There are two core ways this happens:
- Disclosed factoring: a factor buys or advances against invoices and typically collects payments from customers. Customers are notified that payments should be made to the factor — but the commercial payment terms (amounts and dates) remain the same.
- Confidential invoice discounting: the facility is undisclosed and your business continues to invoice and collect in the normal way. Customers are usually unaware of the funding arrangement.
Neither model normally requires you to renegotiate payment terms. Lenders and brokers will perform due diligence and may verify invoices with customers during setup, but that is not the same as changing the contractual payment terms.
Types of invoice funding explained
Disclosed factoring
With factoring a specialist funder or factor provides an immediate advance (commonly 70–90% of invoice value). The factor usually takes responsibility for collections and credit control.
- Customer notified: yes (notification letter)
- Collections: usually handled by the factor
- Advance rate: typically 70–90%
- Best for: businesses happy to outsource collections and improve cash flow quickly
Confidential invoice discounting (undisclosed)
Invoice discounting is confidential. The business retains control of credit control and collections; customers continue to pay you as normal.
- Customer notified: usually no
- Collections: your business continues to collect
- Advance rate: typically 80–95% for eligible invoices
- Best for: established businesses that want to keep funding confidential
Selective (spot) invoice finance
Selective or spot finance lets you finance individual invoices only.
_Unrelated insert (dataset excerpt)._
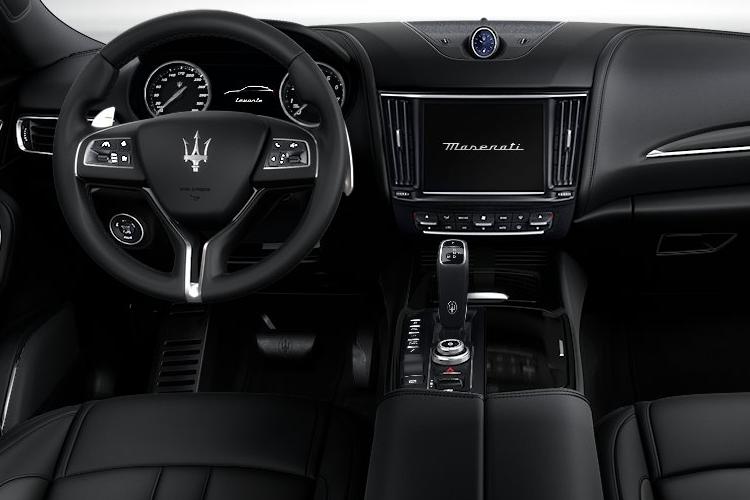 Maserati Levante Estate Special Edition Hybrid Sport Pack 5dr Auto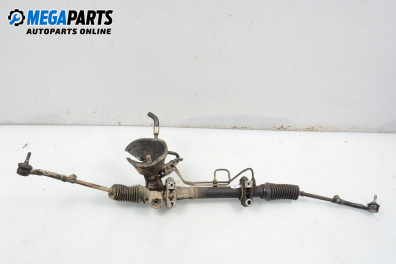 Hydraulic steering rack for Renault Clio II 1.4, 75 hp, hatchback, 1999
This is useful for one-off projects, seasonal peaks or sensitive customers where you want to choose which invoices to advance.
Recourse vs non‑recourse
Recourse facilities mean the business remains liable if a customer fails to pay; non‑recourse transfers some bad‑debt risk to the funder but is typically more expensive and often excludes disputes, insolvency or related-party debts.
There are hybrid facilities too — split or flexible arrangements that combine features to suit specific needs.
Legal & contractual points: assignment, notification and customer terms
Before signing, check contracts and be ready to share them with your broker or lender. Key legal points:
- Assignment of debt: many supplier contracts already permit assignment. If a contract prohibits assignment the lender may require customer consent or use conditional assignment techniques.
- Notification: disclosed factoring requires customer notification; discounting usually does not, but lenders may contact customers to verify invoices.
- Contract clauses to watch: anti-assignment clauses, confidentiality obligations, retention of title and set-off rights may complicate funding.
Practical steps: review major customer contracts early, tell your broker about complex clauses and consider selective finance where customers are sensitive to third-party involvement.
Typical costs, advance rates and examples
Invoice finance costs vary by sector, customer credit quality and facility size. Typical cost components include:
- Arrangement/setup fee (one-off)
- Monthly facility or account fee
- Discount rate or interest on advanced funds (charged on the outstanding advanced balance)
- Administration and collection fees (if the funder collects)
Advance rates: 70–95% depending on type and client creditworthiness. When an invoice pays the remaining balance is released to you minus fees (the “reserve” or holdback).
Example (anonymised): A growing SME with £200,000 in eligible invoices uses confidential invoice discounting at an 80% advance. Immediate cash = £160,000. When customers pay the remaining £40,000 is released less fees. The SME uses the cash to hire staff and buy materials, avoiding equity dilution and avoiding renegotiating payment terms with clients.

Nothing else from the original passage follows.